Notice how I haven’t mentioned the food yet. It might be the best part. There are the typical eggs, waffles and pancakes with a few standouts. I was ready for something hearty. The corned beef brisket caught my eye as I scanned down the list. The word hash is in the description, and so my muddled early morning mind had a dish of corned beef hash envisioned, with all the typical things that might go on that plate. When the brisket arrived at my table I was taken aback a little bit by the grilled tomato and scallion, fingerling potatoes with scraps of acorn squash, a poached egg and four or so slices of corned beef. I was a little bent out of shape.

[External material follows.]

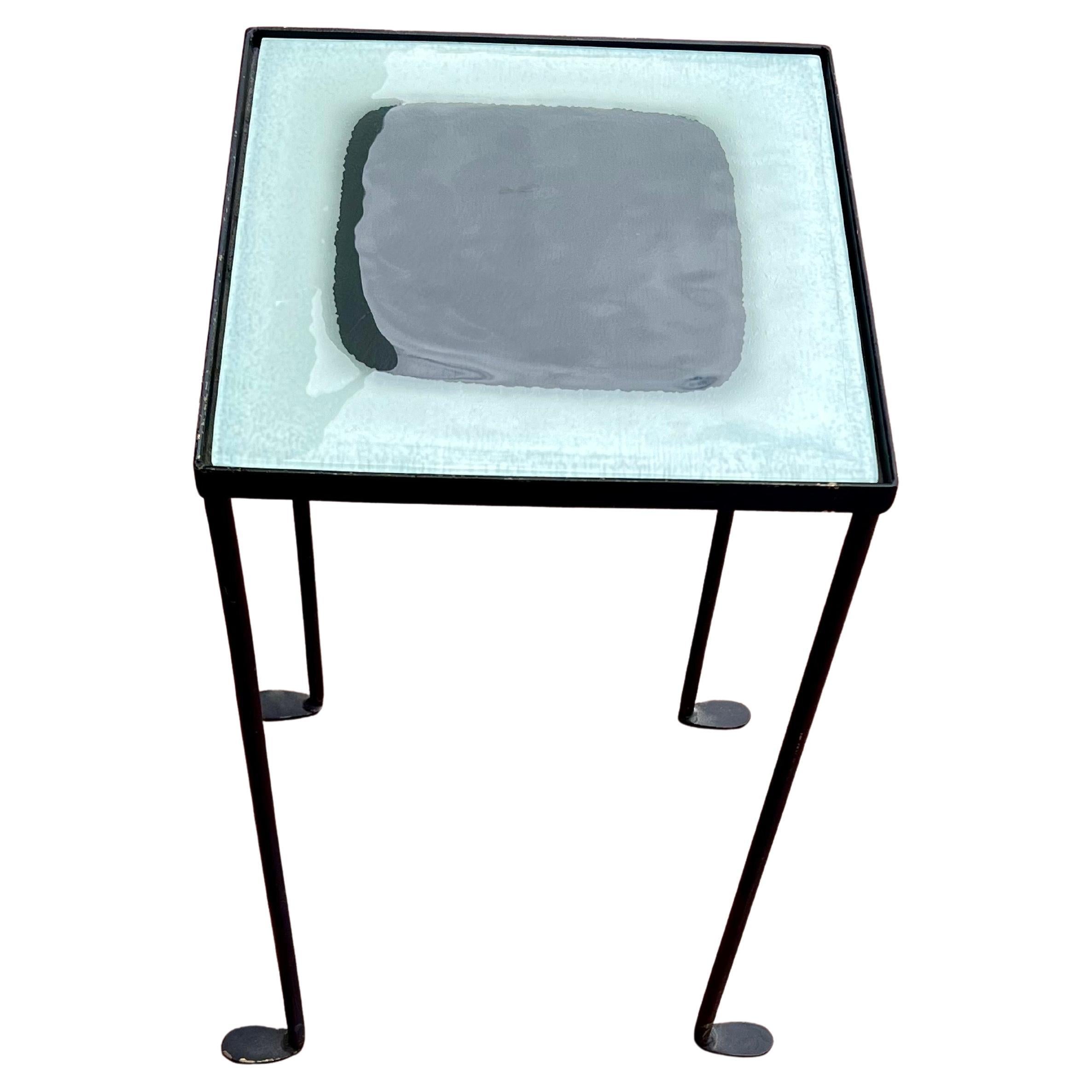 A unique pair of rare side tables circa 1990's , solid iron frames with beautiful glass tops great design by California artist Anna Cabo, versatile and rare inspired by Italian designer Gaetano Pesce. in black enameled frames finish.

Then I began tasting. The urge to describe it as an OMG moment is strong, but it was beyond that. Sitting in a lovely space with this beautifully prepared, simple but intriguing food was uplifting in a Sunday morning special kind of way. Each bite was a new opportunity to blend together the veggies or poached egg or the squash and potatoes with the brisket, which was tender, juicy and flavored with a subtle briny corning like our ancestors never had. The cook obviously knew the precise moment to take the veggies off the grill, just kissed with the right amount of carmelization to bring the flavor to peak. The potato and squash hash had the perfect amount of squash to bring the fingerlings one step forward from nice or good to extraordinary. No sauces were needed. And I'm a person who usually goes out for breakfast specifically to have goopy sauces.
I didn’t think I had my phone with me, so I don’t have photos, but I’m going to be happy with telling you to just go and look for yourself, or check out the photos in Steve's post. My breakfast, which was the most expensive on the menu, with coffee and orange juice, tax and tip, was $30.84 - equivalent to a Gideon Putnam Sunday brunch.
Get a seat with a good view. This is definitely a gorgeous Sunday morning breakfast opportunity right here in our little town and I advise you to take advantage of it as soon as possible and as often as possible.
I would include more links, but they don't seem to have much of a separate web presence from the hotel, and the information about the restaurant is fairly stingy.
LorreBob sez: Sunday breakfast in Albany can be awesome.